構成に沿った上でコンテンツ内容の中身を端的に表現するキャッチでユーザーの興味と関心を引き、誘導するようにしましょう。
ビジュアル要素の準備
キャッチやテキストのライティングと並行して進めたいのが画像やイラストなどのビジュアル要素の準備です。
商品の販売を目的とするLPでしたら商品が魅力的に見える画像は必要ですし、販売する商品やサービスにイメージキャラクターなどが存在するようであれば、こちらの画像データも必要になります。
その他会社や商品のロゴ画像、商品の特徴を数値で表したデータをページ内で訴求するようであれば、データを視覚的に分かりやすく表したグラフが必要になります。
ページ内で訴求力を強めるために必要なクリエイティブを新たに作成、もしくは撮影する予定があるのであれば早めに準備をしましょう。
デザイン
ワイヤーフレームが固まり、コンテンツやビジュアル素材の配置が粗方決まったらデザインを行います。
デザイン作成ではユーザーがスマホやPCで閲覧する動線を意識して、コンバージョンに誘導しやすい設計にする必要があります。
また、ペルソナを意識したデザインにする必要もあります。
そのためには下記の点などに留意してデザインする必要があります。
- ファーストビューでユーザーを惹きつける
- セクションごとにイメージや画像を挿入する
- CTA(CVを促すボタン)は目につく場所に複数配置する
- 無駄に余白を入れない
- ペルソナが好みそうな配色・フォントを選択する
- 上記を意識しながら、商品のイメージやブランディングも意識した上で配色やフォントを選択する
- 適切な横幅サイズを把握する
デザインがある程度の状態まで完成したら、制作に関わるスタッフの意見を吸い寄せたり、協議して、極力不安要素のない仕上がりを目指しましょう。
コーディング
コーディングとは、デザインまで出来上がったものを、ブラウザ上で見える形にするためにソースコードを記述する作業のことです。
言語はHTMLやCSS、JavaScriptなどを主に使用します。
スマホだけでなく、PCやタブレットなど、様々な端末やブラウザで正しく表示されているかを確認しましょう。
LPOの進め方

ABテスト
LPOを進める上で、最初に理解しておきたい概念がABテストです。
ABテストとは、異なる2パターン以上のLP、バナー、広告文などを用意し、効果を比較するテストのことを言います。
テスト対象となるのは、LPやバナーのデザイン、商品のUSPを伝えるコンテンツ(イラスト・図など)、広告文などです。効果の物差しとなる指標は広告のCTR(クリック率)やLPのCVR(コンバージョン率)などです。

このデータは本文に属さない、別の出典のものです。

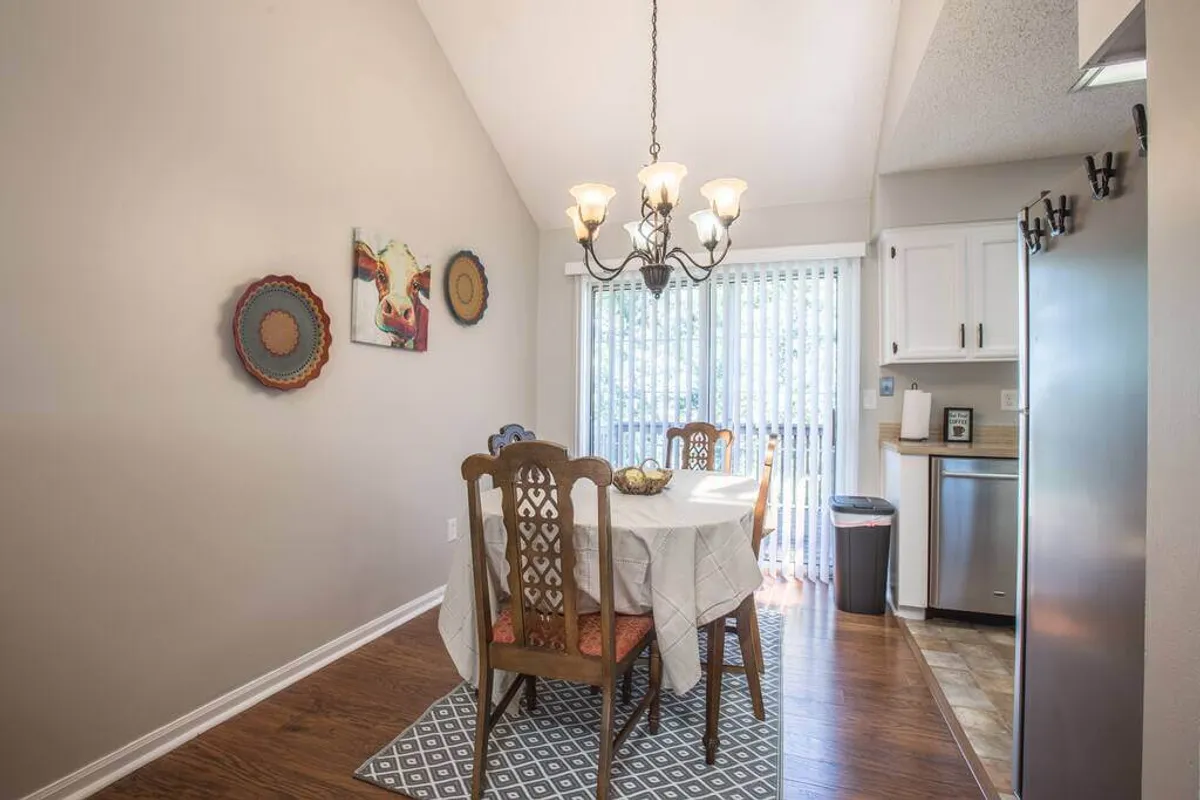 A warm dining area with a large table, an elegant chandelier, colorful wall art, and a sliding glass door that opens to the outdoors. The space is set for lively meals and shared moments, with plenty of natural light inviting the outside in.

各要素のABテストを繰り返すことで、最もCVRを最適化できるパターンを検証することができます。
ABテストを実施する流れ
LPにおけるABテストは具体的には下記のような流れで検証まで進めます。
- アクセス解析ツール(Googleアナリティクスなど)やヒートマップツールにおける分析結果を基に、ABテストの対象ポイント(LPのファーストビューやCTAなど)を選定
- ターゲットペルソナの心理的な面を分析し、改善ポイントの仮説を立てる
- 検証するポイントの優先順位をつける
- 優先度の高いポイントからABテストを行うための準備を行う(例:LPのファーストビューを替えるための修正作業)
- ABテストの実施
- 再度アクセス解析ツールやヒートマップで分析、テスト結果を確認する
上記が大まかなABテスト実施の流れですが、5を補足すると余りにも比較する数字が少ないと検証結果としては精度が欠けるので最低でも1000PV以上のボリュームで検証するようにしましょう。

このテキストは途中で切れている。